Thread: BUG #5219: Segfault in to_tsvector
The following bug has been logged online: Bug reference: 5219 Logged by: Kenaniah Cerny Email address: kenaniah@gmail.com PostgreSQL version: 8.4.1 Operating system: Centos5.2 -- Linux 2.6.18-92.1.10.el5 #1 SMP i686 athlon i386 GNU/Linux Description: Segfault in to_tsvector Details: Full backtrace: http://pgsql.privatepaste.com/5411abf8f3 The issue takes place running this query: http://pgsql.privatepaste.com/35064cbba8 Crash is attributed to this index definition: CREATE INDEX "anime_titles_idx_name_simple_text" ON "public"."anime_titles" USING gin ((to_tsvector('simple'::regconfig, name))); I believe the issue is caused by possibly non-UTF-8 data.

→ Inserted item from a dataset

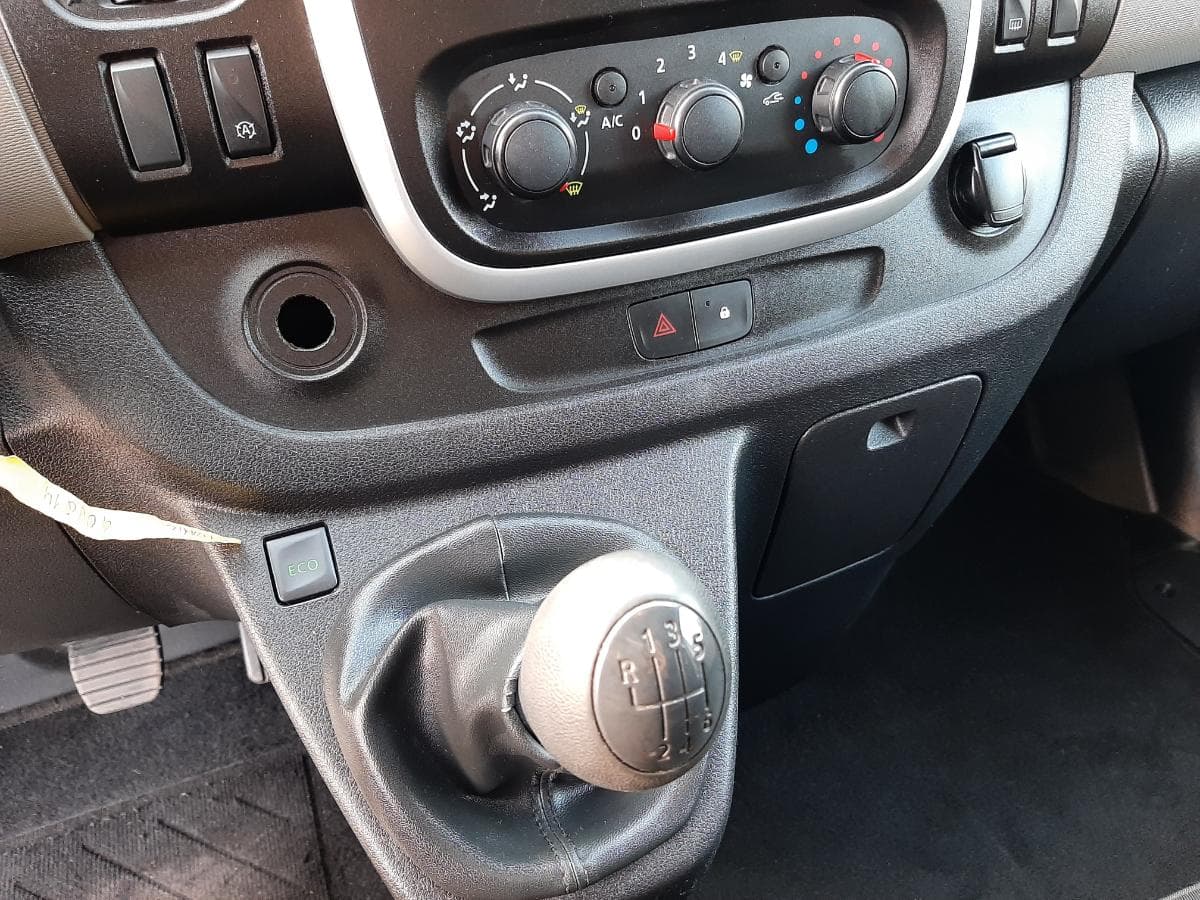 Renault Trafic 1.6 DCI · Ano 2018 — image 19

Both the server and the client (a PHP script using PDO's pgsql driver) are using UTF-8. The string causing this issue is stored in the database in a text field and looks like this: http://s801.photobucket.com/albums/yy299/kenaniah972/?action=view¤t=is sue.png After output into an HTML input field and resubmission through firefox, the string that is passed through to the DB looks like this: http://s801.photobucket.com/albums/yy299/kenaniah972/?action=view¤t=su bmitted.png (The characters were manually omitted in submission) I don't profess to know anything about encodings, but I don't think this is valid UTF-8 input. I might be wrong. All I do know is that this causes the to_tsvector part of the gin index to throw a segfault in the insert statement, rather than returning an invalid UTF-8 input error or just plain working.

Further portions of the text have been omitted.